## WHAT IS REQUIRED
Go through the following data and transcribe exactly the stretch of lines from the one holding "Cozy Getaway - Warmth And Comfort In The *" to the one holding "Meet your Posher, Olivia", both included.
THE DATA Block Start
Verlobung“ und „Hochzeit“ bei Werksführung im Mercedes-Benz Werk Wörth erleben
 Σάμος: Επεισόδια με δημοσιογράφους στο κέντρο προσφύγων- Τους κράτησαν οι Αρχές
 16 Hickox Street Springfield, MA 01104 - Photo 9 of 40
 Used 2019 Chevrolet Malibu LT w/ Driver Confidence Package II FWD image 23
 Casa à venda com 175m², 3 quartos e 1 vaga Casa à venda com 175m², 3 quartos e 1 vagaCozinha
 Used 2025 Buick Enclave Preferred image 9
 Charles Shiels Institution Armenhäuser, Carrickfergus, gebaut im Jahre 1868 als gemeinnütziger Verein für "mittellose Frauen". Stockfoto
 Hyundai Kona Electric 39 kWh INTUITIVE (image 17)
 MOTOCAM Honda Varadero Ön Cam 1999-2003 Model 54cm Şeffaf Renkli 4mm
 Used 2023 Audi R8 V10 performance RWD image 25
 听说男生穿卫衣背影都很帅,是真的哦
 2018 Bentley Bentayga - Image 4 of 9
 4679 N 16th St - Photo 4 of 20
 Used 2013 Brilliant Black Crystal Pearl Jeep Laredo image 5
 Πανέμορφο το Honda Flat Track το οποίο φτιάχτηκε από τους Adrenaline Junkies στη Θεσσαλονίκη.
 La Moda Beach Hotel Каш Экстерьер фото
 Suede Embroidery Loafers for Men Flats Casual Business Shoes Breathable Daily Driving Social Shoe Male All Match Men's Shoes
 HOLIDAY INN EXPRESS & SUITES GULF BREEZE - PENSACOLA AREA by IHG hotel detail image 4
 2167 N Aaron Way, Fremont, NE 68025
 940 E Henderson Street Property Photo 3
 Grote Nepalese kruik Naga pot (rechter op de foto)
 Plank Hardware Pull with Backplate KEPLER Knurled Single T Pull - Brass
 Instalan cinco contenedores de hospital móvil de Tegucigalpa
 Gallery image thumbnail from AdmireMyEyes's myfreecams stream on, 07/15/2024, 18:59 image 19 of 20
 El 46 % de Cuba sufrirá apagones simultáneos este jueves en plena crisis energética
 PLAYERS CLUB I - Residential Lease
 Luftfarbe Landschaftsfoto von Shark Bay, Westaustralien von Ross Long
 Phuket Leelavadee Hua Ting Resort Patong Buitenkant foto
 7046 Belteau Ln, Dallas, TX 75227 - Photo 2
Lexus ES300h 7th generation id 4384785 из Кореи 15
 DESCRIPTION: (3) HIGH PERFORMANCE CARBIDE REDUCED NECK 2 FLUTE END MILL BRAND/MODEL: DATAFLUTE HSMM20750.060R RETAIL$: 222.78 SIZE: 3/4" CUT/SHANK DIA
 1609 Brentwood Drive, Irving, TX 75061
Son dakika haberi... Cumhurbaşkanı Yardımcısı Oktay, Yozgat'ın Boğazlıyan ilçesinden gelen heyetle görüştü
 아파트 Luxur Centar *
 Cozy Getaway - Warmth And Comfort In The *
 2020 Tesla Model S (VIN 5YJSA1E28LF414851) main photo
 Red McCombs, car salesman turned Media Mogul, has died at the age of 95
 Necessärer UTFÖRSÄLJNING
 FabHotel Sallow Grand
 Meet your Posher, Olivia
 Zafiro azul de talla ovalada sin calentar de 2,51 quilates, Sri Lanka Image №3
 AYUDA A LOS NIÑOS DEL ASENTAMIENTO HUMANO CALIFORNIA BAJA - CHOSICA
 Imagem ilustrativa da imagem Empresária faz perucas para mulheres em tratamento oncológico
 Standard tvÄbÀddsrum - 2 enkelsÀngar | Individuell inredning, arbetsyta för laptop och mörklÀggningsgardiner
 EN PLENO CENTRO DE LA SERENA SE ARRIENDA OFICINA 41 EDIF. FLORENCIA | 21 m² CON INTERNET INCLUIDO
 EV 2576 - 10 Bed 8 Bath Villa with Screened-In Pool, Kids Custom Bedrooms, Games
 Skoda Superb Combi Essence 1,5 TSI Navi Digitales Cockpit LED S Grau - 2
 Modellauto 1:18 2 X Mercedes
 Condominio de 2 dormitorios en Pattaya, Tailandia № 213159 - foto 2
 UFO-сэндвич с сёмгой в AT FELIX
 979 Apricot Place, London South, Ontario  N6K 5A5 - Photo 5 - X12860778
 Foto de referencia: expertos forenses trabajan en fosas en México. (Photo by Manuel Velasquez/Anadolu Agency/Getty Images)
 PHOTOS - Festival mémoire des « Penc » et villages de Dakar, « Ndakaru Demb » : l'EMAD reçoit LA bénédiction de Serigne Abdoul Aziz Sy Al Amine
THE DATA Block End
## RESPONSE TO THIS EXERCISE
 Cozy Getaway - Warmth And Comfort In The *
 2020 Tesla Model S (VIN 5YJSA1E28LF414851) main photo
 Red McCombs, car salesman turned Media Mogul, has died at the age of 95
 Necessärer UTFÖRSÄLJNING
 FabHotel Sallow Grand
 Meet your Posher, Olivia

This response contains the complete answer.